Lc. 2,12
La Navidad con el tiempo se ha ido desdibujando y es una palabra más que
circula por el mundo que ha perdido su sentido originario. El mundo se ha
apoderado de ella hasta tal punto que la ha hecho consistir en una fiesta más
bien banal o al menos muy marcada por aspectos periféricos (regalos, cenas,
sentimientos …) que poco o nada tendrían que ver con la experiencia de Belén y
el Pesebre.
Para recuperar el sentido primero de la Navidad, deberíamos hacer la
travesía de miles de kilómetros para ir a contemplar a un Dios Niño en el
silencio y la contemplación. Habría que callar por un rato y ver con los ojos
de la fe el impacto que ha de suponer para el corazón humano que el mismo Dios
haya elegido nacer en el seno de un hogar, al amparo de una madre y un padre.

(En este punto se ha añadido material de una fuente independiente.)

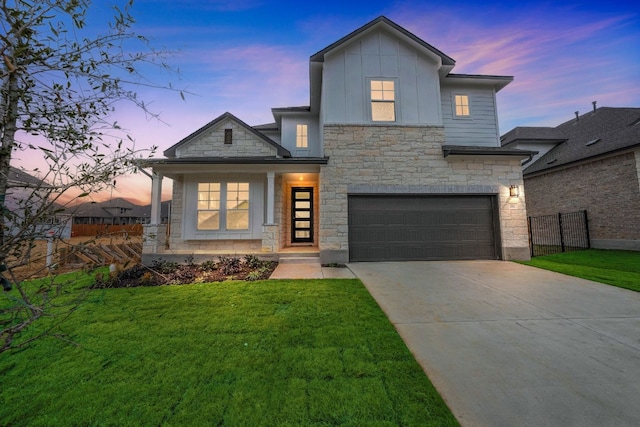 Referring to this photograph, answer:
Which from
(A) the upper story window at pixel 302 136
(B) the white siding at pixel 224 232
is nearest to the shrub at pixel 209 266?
(B) the white siding at pixel 224 232

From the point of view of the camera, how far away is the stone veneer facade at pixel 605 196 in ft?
31.7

Un Dios que no tuvo quien lo recibiera y fue a parar al lugar de los marginados
y excluidos.
La Navidad es la fiesta de los creyentes, la fiesta de los que creen que
Jesús es la Palabra de Dios que se hizo carne y estableció su morada en medio
de la humanidad. Es la fiesta donde caemos en la cuenta que Dios se “hace
cultura”, “se hace historia”, “se llena de humanidad” para venir a compartir nuestra
suerte. “Se hace humano” para dignificar al infinito al hombre en su vocación
última que no es otra que hacerse “divino”.

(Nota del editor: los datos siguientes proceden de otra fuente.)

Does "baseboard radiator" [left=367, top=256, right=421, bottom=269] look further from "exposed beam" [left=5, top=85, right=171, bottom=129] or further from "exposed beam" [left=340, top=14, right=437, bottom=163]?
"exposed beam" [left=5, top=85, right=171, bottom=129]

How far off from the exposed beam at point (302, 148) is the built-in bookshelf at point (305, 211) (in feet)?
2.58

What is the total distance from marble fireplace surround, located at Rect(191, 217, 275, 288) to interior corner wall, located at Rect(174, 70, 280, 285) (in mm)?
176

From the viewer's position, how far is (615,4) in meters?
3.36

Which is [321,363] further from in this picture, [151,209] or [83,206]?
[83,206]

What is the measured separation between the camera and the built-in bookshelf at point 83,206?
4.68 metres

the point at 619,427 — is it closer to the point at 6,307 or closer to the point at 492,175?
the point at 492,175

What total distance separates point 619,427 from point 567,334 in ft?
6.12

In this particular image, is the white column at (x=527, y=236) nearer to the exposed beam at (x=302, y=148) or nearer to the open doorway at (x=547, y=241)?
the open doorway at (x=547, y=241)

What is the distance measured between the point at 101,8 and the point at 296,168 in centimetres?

Recuperar el sentido último de la Navidad, nos debería suponer a los
cristianos hacer algunas experiencias fundamentales, como por ejemplo:
Hacer la experiencia de la pequeñez: Dios se hizo pequeño, frágil, menor. Volver a ser niños para hacer la
experiencia de la fragilidad, de sentirnos vulnerables, necesitados de
cobijamiento y de sentir aquellos brazos que se abren y te abrazan y te
sostienen. Esta experiencia nos previene de actitudes de soberbia,
ensimismamiento y ostentación tan arraigadas en el corazón de aquel que ha
depositado toda su confianza en sí mismo. Somos pequeños, somos apenas una
molécula en el mundo. Si Dios es Niño, cuanto más nosotros vamos a hacer esta
experiencia de sabernos esencialmente pequeños lo cual, por lo demás, nos
llevará a valorar y respetar a todos nuestros prójimos en su vulnerabilidad y
fragilidad.
Hacer la experiencia de ser humanos: Dios Niño asumió nuestra condición humana en toda su expresión, salvo en
el pecado. Se hizo humano. Desde esta perspectiva, celebrar la Navidad puede
ser la oportunidad para replantearnos seriamente el cómo estamos viviendo. Se
trataría de humanizar nuestra vida,
vivir la vida a escala humana. De repente el inmediatismo, la eficiencia,
el productivismo, nos hace deshumanizar nuestra vida. La búsqueda de
resultados, de logros, de títulos, en fin, todo aquello que tiene que ver con
concebir la vida como un hacer cosas, nos ha llevado a despersonalizarnos, ser
incapaces de vivir tiempos gratuitos, ensanchar el corazón para escucharnos,
mostrar nuestro interior y sentarnos en el sillón de los recuerdos para hacer
memoria de la vida vivida. Ser humanos, es tener un corazón grande, misericordioso
y cálido.
Hacer la experiencia del DON y el REGALO: Dios Niño se hizo entrega total para los suyos. Toda
su vida fue eso. La prueba más sublime la encontramos en la cruz. En el Pesebre
aparece un Niño que se nos regala desde su debilidad para que los seres humanos
caminemos con sentido de vida. En esta Navidad, podríamos hacer la experiencia
de la donación. Dar cosas cuesta poco, entregarse uno mismo es mucho más
valedero y definitivo. Entregar tiempo, entregar una mirada, unos oídos atentos
para escuchar. Entregarte tú con tus talentos y virtudes, detenerse para ver al
que está caído y estirar la mano para levantarlo. Sé tu mismo un DON, un REGALO
para los tuyos y el mundo entero.
Y ahora vamos al Pesebre …. para contemplar.